▶ **TASK INPUTS**:

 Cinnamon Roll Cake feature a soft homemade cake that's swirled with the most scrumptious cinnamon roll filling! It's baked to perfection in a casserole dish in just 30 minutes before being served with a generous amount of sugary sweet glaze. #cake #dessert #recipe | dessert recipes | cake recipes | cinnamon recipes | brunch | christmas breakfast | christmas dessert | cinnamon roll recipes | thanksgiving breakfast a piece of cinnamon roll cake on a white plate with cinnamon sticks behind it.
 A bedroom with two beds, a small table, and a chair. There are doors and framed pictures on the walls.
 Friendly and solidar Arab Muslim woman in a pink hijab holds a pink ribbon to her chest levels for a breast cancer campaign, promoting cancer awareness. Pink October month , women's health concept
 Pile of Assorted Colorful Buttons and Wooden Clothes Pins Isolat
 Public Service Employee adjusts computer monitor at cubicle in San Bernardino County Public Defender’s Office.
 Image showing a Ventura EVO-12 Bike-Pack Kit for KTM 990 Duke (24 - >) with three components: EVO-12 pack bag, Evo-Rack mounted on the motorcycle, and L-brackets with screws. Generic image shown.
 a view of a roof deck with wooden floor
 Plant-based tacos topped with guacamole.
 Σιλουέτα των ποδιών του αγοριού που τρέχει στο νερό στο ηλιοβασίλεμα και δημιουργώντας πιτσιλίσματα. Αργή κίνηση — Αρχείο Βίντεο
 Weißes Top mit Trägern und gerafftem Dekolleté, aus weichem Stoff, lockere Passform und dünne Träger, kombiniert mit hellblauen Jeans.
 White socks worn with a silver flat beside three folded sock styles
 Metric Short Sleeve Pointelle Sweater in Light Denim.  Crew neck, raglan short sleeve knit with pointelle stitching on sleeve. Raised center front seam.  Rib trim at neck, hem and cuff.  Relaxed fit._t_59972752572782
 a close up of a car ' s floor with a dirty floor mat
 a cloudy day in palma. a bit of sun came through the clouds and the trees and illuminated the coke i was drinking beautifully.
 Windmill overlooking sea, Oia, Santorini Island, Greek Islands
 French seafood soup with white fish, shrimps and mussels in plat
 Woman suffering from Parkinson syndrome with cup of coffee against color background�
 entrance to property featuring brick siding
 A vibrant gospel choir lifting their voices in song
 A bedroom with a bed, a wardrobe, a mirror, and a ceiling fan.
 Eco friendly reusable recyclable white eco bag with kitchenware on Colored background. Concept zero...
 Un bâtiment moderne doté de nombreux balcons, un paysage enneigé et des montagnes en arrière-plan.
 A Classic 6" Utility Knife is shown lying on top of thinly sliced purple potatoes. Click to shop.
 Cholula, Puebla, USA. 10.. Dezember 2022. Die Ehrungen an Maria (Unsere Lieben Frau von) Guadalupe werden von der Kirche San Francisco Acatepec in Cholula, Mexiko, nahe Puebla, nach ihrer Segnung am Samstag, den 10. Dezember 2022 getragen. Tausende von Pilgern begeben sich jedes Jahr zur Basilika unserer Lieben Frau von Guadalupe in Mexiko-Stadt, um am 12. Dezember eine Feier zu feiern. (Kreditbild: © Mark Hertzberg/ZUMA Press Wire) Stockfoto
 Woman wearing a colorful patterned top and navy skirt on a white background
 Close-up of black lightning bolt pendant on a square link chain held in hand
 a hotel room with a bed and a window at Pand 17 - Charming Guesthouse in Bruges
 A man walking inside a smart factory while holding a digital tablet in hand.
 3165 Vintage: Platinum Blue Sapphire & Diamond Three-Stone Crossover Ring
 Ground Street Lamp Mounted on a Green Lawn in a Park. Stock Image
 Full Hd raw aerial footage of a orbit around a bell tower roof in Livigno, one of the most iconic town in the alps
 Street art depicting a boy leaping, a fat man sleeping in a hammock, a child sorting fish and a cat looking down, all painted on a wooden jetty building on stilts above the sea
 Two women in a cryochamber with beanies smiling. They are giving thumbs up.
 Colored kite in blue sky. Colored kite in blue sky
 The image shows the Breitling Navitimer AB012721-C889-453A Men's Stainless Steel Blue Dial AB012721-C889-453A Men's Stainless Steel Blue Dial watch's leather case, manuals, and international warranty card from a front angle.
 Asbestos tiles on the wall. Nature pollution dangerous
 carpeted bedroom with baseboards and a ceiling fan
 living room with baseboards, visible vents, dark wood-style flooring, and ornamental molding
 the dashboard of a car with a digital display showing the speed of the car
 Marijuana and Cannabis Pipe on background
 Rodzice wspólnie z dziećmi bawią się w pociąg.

▶ **WHAT IS EXPECTED**: Please give an exact copy of the entries above, from the line with "a hotel room" down to the line with "3165 Vintage: Platinum", inclusive, and nothing else.

▶ **ANSWER**:
 a hotel room with a bed and a window at Pand 17 - Charming Guesthouse in Bruges
 A man walking inside a smart factory while holding a digital tablet in hand.
 3165 Vintage: Platinum Blue Sapphire & Diamond Three-Stone Crossover Ring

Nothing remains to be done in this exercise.